___ Supplied material ___
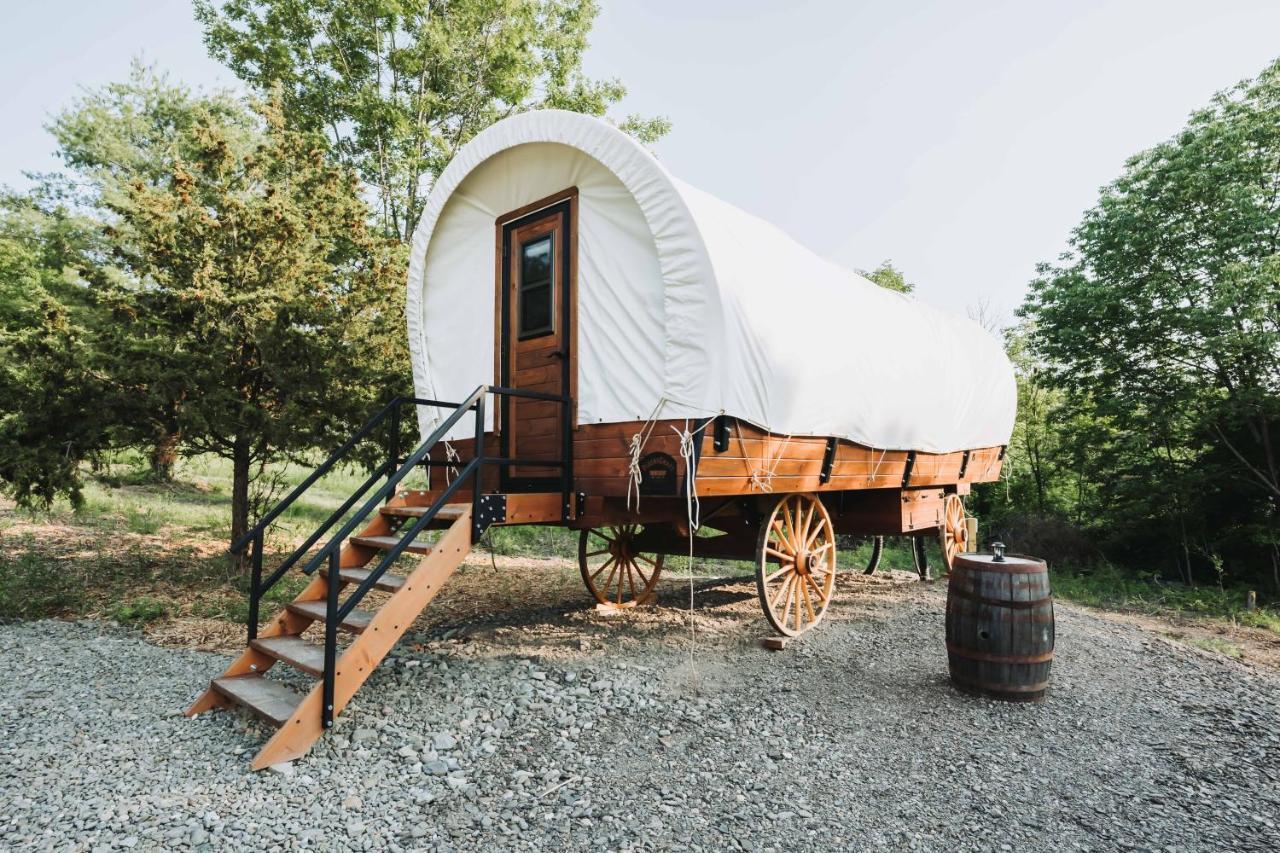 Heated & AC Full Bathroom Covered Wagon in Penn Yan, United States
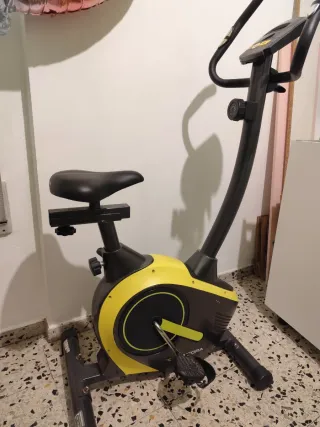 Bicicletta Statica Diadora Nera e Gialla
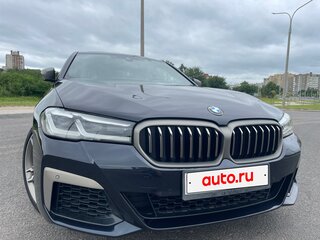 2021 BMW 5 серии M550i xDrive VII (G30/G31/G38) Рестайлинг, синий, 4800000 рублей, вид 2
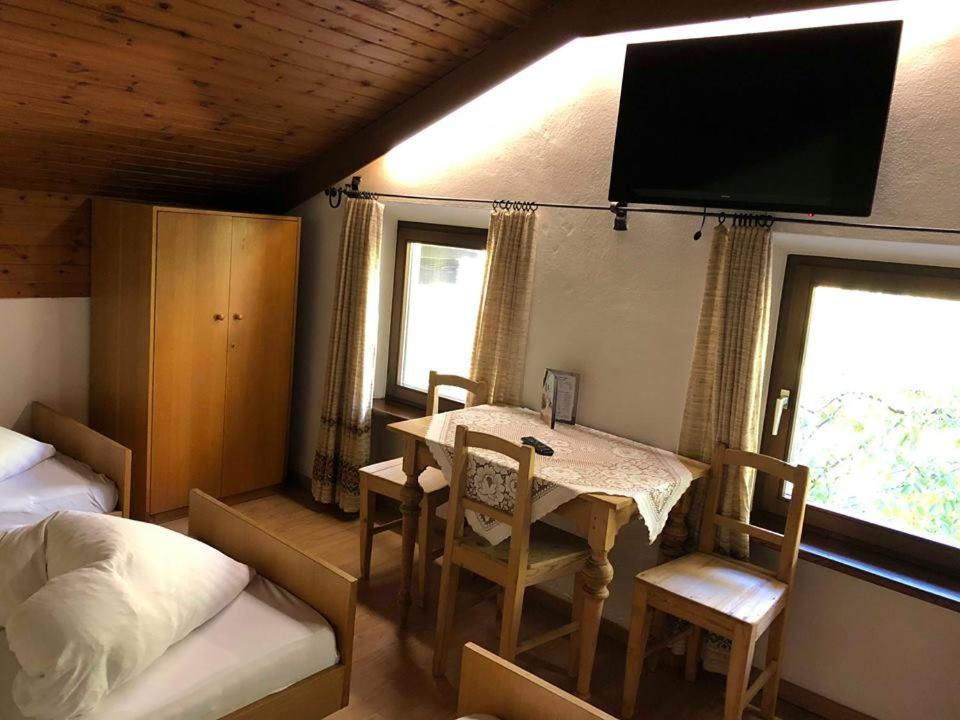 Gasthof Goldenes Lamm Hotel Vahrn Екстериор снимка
___
--- Exercise aim ---
Would it be possible to give the material above again exactly, with the pictures left out?

--- Task response ---
 Heated & AC Full Bathroom Covered Wagon in Penn Yan, United States
 Bicicletta Statica Diadora Nera e Gialla
 2021 BMW 5 серии M550i xDrive VII (G30/G31/G38) Рестайлинг, синий, 4800000 рублей, вид 2
 Gasthof Goldenes Lamm Hotel Vahrn Екстериор снимка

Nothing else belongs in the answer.